Métamorphosé aussi, l’amour qu’éprouve Lila pour Benjamin, son chum, avec qui elle partage sa vie. Maintenant, elle sait mieux ce qu’elle attend d’une relation amoureuse. Si elle ne lui a pas donné de nouvelles durant son escapade, ça la regarde. L’interrogatoire serré de Benjamin ne l’intimide plus. Dorénavant, elle exige l’indépendance et pleine décision sur sa vie. « Je t’aime, mais je veux vivre seule », lance-t-elle à un Benjamin, médusé. Elle reprend sa liberté. Point barre!
Pourtant, très vite, Lila se frotte aux contingences de la vie quotidienne. Un soir, une voiture dans laquelle se trouve un groupe de jeunes fêtards, eurocrates en mal de vivre, frôle sa bicyclette. L’égratigne sur la portière cause une vive colère chez l’automobiliste qui, pour se venger, part à sa poursuite et la renverse. Projetée sur la chaussée, Lila est transportée à l’hôpital.

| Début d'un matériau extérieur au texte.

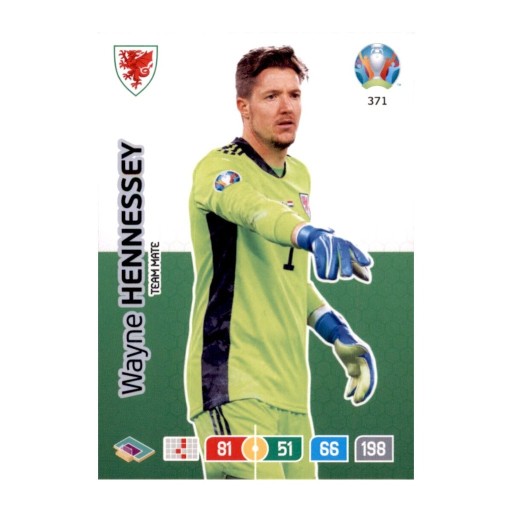 Zdjęcie oferty: UEFA EURO 2020 Team Mate Wayne Hennessey 371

L’occasion de revoir Benjamin surviendra trop tard. La quête d’une nouvelle vie pour Lila se terminera de façon tragique.
FLANDRE, 73 min.
Notre note:
Les trois temps de Lila représentent l’évolution d’une jeune femme dans une ville européenne, elle aussi en changement. Dans un premier temps, l’étranger (Nader Farman) constate les transformations cette ville, qu’il a connue dans les années 1970. Son regard nostalgique en dit long sur sa tristesse de ne pas retrouver en l’état ce qu’il avait quitté il y a 40 ans. L’ancien fait place au moderne, de grands espaces ont été sacrifiés au profit des grues qui envahissent le centre-ville. Maintenant, se construisent des édifices qui touchent le ciel. On sent Lila fascinée par Bilal. Il lui fait voir sa ville autrement.
Le deuxième temps de Lila est celui de Benjamin (l’excellent Kurt Vandendriessche). Les trois mois de réflexion, pendant lesquels elle a bourlingué, lui ont donné la certitude qu’elle doit s’affranchir de sa relation amoureuse. La brutalité de la première scène où l’on entend d’abord la respiration saccadée d’une femme au moment de l’orgasme rappelle son nouveau besoin d’égalité et d’autonomie face aux hommes. Finie la soumission, désormais sa vie lui appartient.
Le troisième temps de Lila est celui du jeune homme terrifié (Felipe Mafasoli) après le geste posé par son ami qui a buté la cycliste. Même s’il lui reste une once de compassion, il retourne très vite à ses amis. Ces scènes très réalistes présentent les jeunes « eurocrates » d’aujourd’hui, ceux pour qui la réussite sociale est une valeur première, relayant en deuxième place le sens de l’honneur, de la responsabilité, vertus ensevelies sous la musique trop forte, la drogue ou autres calmants sociaux.
Ce qui fait l’intérêt de ce film, à part le contenu, c’est la performance remarquable de l’actrice Manah Depaw qui joue le rôle de Lila avec beaucoup de nuance et de conviction. Son regard perce l’écran.
Welcome Home est l’amalgame de trois courts métrages, « Cocktail », « Welcome Home » et « Voyage d’amour », réalisés en 2009. Même si les raccords ne sont pas toujours très heureux, Tom Heene, un Bruxellois passionné de sa ville, qui constitue sa principale source d’inspiration, réussit à composer un film touchant, cohérent et significatif.
Welcome Home est présenté les 2 et 3 septembre au cinéma Quartier Latin 16.